(Stored records)

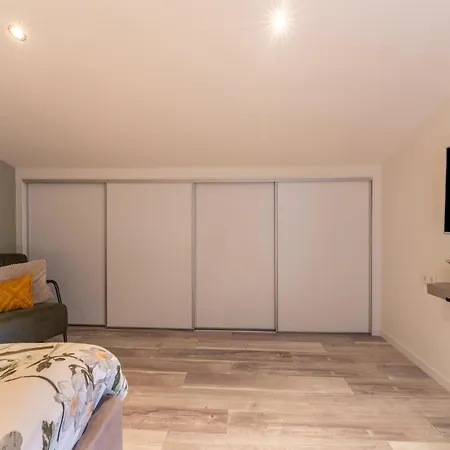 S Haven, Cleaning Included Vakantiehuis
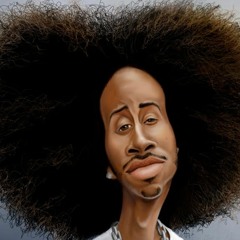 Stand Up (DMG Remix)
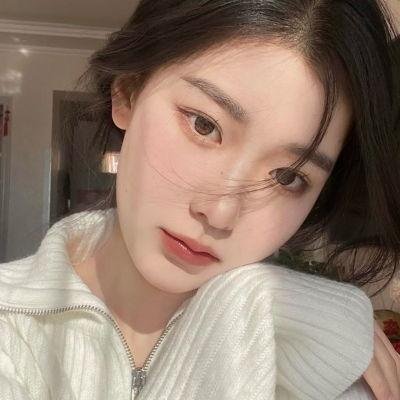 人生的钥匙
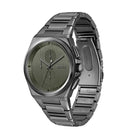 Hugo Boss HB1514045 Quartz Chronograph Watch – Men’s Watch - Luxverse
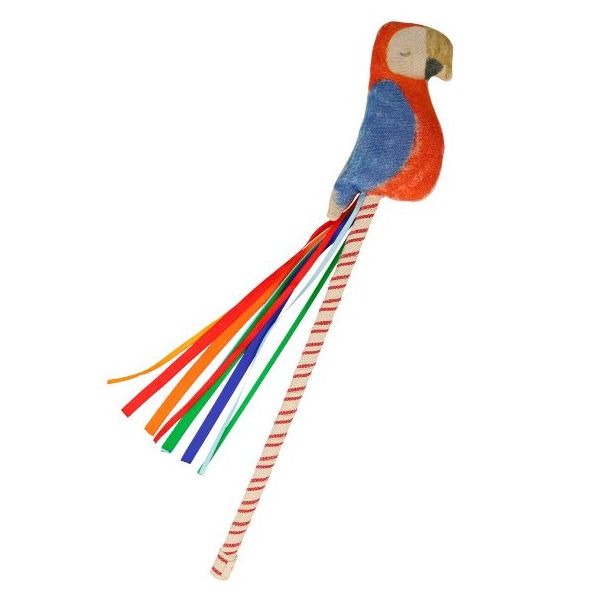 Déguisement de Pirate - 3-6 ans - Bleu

Exercise brief: From the first line above to the last, copy the records exactly but omit the pictures.

Answer area:
 S Haven, Cleaning Included Vakantiehuis
 Stand Up (DMG Remix)
 人生的钥匙
 Hugo Boss HB1514045 Quartz Chronograph Watch – Men’s Watch - Luxverse
 Déguisement de Pirate - 3-6 ans - Bleu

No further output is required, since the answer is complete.